BPJS Kesehatan melaporkan lonjakan beban pembiayaan gagal ginjal di Indonesia yang mencapai Rp 13,38 triliun pada Rabu, 15 April 2026, akibat peningkatan kasus yang signifikan secara nasional. Angka ini menunjukkan kenaikan drastis hingga 400 persen jika dibandingkan dengan beban biaya pada tahun 2019 yang hanya sebesar Rp 2,32 triliun.
Data yang dilansir dari Detik Health menunjukkan bahwa posisi gagal ginjal telah menggeser kanker dalam urutan beban biaya kesehatan terbesar di Indonesia. Pada tahun 2024, gagal ginjal berada di peringkat keempat dengan biaya Rp 2,76 triliun dari 1,44 juta kasus, namun setahun kemudian angkanya membengkak menjadi Rp 13 triliun dengan 12,68 juta kasus.
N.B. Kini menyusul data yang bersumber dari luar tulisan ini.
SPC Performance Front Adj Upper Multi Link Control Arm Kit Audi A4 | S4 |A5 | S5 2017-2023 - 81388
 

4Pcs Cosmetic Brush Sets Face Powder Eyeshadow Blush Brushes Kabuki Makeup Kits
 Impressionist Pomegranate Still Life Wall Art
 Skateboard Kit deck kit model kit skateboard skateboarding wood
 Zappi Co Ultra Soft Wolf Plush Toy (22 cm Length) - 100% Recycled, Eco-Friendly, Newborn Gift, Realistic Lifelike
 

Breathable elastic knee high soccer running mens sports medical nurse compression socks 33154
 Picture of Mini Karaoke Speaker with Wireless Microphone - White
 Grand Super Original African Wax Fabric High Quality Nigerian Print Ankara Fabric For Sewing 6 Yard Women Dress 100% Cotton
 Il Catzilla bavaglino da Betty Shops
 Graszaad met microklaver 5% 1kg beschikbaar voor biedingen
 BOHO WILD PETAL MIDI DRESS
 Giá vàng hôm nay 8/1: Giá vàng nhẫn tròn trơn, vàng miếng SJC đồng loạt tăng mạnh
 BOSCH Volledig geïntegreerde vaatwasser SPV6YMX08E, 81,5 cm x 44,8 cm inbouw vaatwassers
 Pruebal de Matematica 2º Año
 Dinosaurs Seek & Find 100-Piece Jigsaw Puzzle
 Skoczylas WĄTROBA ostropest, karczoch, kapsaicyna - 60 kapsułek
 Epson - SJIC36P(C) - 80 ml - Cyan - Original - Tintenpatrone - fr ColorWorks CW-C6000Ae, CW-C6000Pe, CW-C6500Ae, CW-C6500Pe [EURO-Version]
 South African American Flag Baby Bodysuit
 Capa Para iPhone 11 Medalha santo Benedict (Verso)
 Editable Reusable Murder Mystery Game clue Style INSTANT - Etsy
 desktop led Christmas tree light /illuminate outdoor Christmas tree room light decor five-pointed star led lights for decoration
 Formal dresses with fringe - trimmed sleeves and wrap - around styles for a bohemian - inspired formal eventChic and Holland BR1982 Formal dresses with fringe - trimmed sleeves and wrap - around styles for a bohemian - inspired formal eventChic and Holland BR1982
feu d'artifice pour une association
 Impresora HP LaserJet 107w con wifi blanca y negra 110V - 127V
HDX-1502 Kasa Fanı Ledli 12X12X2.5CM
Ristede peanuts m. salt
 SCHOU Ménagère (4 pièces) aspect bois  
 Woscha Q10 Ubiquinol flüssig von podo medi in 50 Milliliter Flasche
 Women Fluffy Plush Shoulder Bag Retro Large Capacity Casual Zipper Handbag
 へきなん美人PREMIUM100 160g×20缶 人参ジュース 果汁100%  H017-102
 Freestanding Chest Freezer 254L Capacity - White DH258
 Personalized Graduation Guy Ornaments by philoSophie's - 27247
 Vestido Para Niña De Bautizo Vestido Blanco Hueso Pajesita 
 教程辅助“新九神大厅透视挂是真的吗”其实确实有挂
Kondisi di Indonesia ini hampir setara dengan pengeluaran tahunan Malaysia untuk pengobatan penyakit ginjal stadium akhir yang menghabiskan sekitar Rp 14,22 triliun. Meski jantung masih menjadi penyedot anggaran tertinggi sebesar Rp 17 triliun, tren kenaikan kasus gagal ginjal menjadi perhatian utama otoritas kesehatan karena peningkatannya yang sangat tajam.
Direktur Utama BPJS Kesehatan Prihati Pujowaskito memberikan penegasan bahwa pemicu utama kondisi ini adalah komplikasi dari penyakit tidak menular. Pemerintah kini mulai mengalihkan fokus pada pendekatan preventif, termasuk kebijakan Nutri Level pada pangan siap saji guna menekan angka pengidap penyakit gula.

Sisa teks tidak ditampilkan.